Debt Mutual Funds invest in debt securities, may invest in money market securities or in longer term debt securities, or a combination of the two. The primary investment objective of liquid and debt funds is regular income generation. However, since the longer term debt markets offer the scope for capital growth, debt funds are offered along the yield curve, spanning very short term to long term products.

Short Term Debt Funds

Money Market or Liquid Fund is a mutual fund for very short term investment. The primary source of return is interest income. Liquid fund is a very short-term fund and seeks to provide safety of principal and superior liquidity. It does this by keeping interest rate and credit risk low by investing in very liquid, short maturity fixed income securities of highest credit quality.

It is suitable for retail investors who:

  • Are looking for very safe investment option and,
  • Have less than 3-6 months investment horizon.

Ultra short-term plan also known as treasury management funds, or cash management funds. They invest in money market and other short term securities of maturity up to 365 days. The objective is to generate a steady return, mostly coming from accrual of interest income, with minimal NAV volatility.

It is suitable for retail investors who:

  • Are looking for very safe investment option and,
  • Have less than 1 year investment horizon.

Short Term Plan combines short term debt securities with a small allocation to longer term debt securities. Short term plans earn interest from short term securities and interest and capital gains from long term securities. The volatility in returns will depend upon the extent of long-term debt securities in the portfolio.  Short term funds may provide a higher level of return than liquid funds and ultra-short term funds, but will be exposed to higher risks.
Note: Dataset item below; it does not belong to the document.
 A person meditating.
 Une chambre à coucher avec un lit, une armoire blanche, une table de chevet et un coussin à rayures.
It is suitable for retail investors who:

  • Are comfortable taking some level of risk for an extra return and,
  • Have investment horizon between 1-3 years.

Long Term Debt Funds

Market interest rates and value of a bond are inversely related, any fall in the interest rates causes a gain in a bond portfolio and vice versa. Therefore in a falling interest rate scenario, when investors in most fixed income products face a reduced rate of interest income, long term debt funds post higher returns. The extent of change in market prices of debt securities is linked to the average tenor of the portfolio – Higher the tenor, greater the impact of changes in interest rates.
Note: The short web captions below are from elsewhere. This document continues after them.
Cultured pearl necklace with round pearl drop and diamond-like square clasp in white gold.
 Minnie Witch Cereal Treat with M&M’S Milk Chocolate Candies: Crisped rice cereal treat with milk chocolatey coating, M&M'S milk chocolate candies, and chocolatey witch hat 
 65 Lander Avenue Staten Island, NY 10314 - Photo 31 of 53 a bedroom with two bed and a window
It is suitable for retail investors who:

  • Are comfortable taking some level of risk for an extra return and,
  • Have atleast 3 year investment horizon.

Apart from the above mentioned broad categories of debt funds, there are other debt funds to meet specific needs of investors:

Credit opportunity funds a new category that has emerged among the debt funds in India recently. The fund focuses on accrual income from corporate bonds of tenor 3 to 5 years. The investors earn a high return owing to high return.

It is suitable for retail investors who:

  • Are looking for regular income from a debt fund. And,
  • Have at least 3 year investment horizon.

Gilt Funds invest in government securities of medium and long-term maturities. There is no risk of default and liquidity is considerably higher in case of government securities. However, Prices of government securities are very sensitive to interest rate changes. Long term gilt funds have a longer maturity and therefore, higher interest rate risk as compared to short term gilt funds.

It is suitable for retail investors who:

  • Are looking for very safe investment option and,
  • Have at least 5 year investment horizon.

Dynamic debt funds funds do not have any restriction with respect to security types or maturity profiles that they invest in.

It is suitable for retail investors who:

  • Are comfortable taking some level of risk for an extra return and,
  • Want a fund manager to actively manage their debt portfolio.

Fixed maturity plans (FMPs) are closed-end funds that invest in debt securities with maturities that match the term of the scheme. The debt securities are redeemed on maturity and paid to investors. FMPs are issued for various maturity periods ranging from 3 months to 5 years. The return of an FMP depends on the yield it earns on the underlying securities. They typically invest only in fixed income securities like debentures of issuers with a good credit rating. FMPs are a very good substitute of a bank Fixed deposit.

There have been few significant changes in the recent budget (July 2014) for debt funds. According to the new tax rules on debt funds, the investor has to hold the funds for at least 36 months to qualify for the 20 per cent capital gains tax. If the debt mutual units are held for less than 36 months, it would be taxed according to the investor’s tax slab. This brings debt funds at par with bank fixed deposits in terms of taxation, if it is held for less than 36 months. However, if your investment horizon is more than 36 months, debt funds are still an attractive option.